++++ Data for review

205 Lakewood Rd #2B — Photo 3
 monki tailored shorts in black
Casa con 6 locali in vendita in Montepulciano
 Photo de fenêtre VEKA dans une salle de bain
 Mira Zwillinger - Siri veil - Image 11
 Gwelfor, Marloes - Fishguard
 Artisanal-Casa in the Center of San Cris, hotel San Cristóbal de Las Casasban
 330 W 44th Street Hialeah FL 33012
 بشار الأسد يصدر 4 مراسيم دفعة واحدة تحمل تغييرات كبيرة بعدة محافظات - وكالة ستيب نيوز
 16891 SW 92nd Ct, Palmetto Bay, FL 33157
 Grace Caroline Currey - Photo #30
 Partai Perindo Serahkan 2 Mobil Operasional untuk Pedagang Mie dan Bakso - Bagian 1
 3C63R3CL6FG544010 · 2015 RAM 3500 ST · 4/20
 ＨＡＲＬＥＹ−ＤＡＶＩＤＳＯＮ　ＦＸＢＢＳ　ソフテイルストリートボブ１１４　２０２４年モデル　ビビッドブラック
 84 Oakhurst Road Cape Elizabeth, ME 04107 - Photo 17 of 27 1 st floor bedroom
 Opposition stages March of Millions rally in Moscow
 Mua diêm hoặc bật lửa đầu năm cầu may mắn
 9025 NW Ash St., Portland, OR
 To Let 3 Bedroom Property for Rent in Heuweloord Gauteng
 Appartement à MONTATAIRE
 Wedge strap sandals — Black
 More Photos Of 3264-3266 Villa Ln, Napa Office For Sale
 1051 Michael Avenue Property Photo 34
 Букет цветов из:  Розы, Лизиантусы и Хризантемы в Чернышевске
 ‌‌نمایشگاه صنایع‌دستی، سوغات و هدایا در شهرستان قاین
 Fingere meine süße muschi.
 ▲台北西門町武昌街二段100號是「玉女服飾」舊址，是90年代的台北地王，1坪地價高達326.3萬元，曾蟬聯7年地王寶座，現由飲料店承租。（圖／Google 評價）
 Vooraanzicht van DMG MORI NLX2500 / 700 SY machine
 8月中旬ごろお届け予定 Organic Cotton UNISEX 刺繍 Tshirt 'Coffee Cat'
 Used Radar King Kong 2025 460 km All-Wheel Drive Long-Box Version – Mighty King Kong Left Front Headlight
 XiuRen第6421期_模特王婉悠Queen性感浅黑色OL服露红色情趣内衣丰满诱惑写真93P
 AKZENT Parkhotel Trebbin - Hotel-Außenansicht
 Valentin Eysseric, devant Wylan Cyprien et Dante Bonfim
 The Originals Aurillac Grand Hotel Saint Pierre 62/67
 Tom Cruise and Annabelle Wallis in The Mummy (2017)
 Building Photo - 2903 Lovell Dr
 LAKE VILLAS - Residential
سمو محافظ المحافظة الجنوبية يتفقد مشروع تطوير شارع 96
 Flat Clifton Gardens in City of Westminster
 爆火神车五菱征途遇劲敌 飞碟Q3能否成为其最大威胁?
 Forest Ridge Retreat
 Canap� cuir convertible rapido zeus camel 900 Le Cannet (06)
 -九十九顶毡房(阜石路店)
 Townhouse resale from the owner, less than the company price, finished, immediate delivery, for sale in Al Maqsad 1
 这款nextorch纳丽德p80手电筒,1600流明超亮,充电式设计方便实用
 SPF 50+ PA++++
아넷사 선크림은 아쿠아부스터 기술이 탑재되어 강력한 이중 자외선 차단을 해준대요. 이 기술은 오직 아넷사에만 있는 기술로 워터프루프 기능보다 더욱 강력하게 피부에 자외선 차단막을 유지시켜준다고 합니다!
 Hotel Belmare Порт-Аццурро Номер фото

++++++++

- [Problem]
Work through the records above. Copy every line with the string "Property".

- [Reply to the task]
 To Let 3 Bedroom Property for Rent in Heuweloord Gauteng
 1051 Michael Avenue Property Photo 34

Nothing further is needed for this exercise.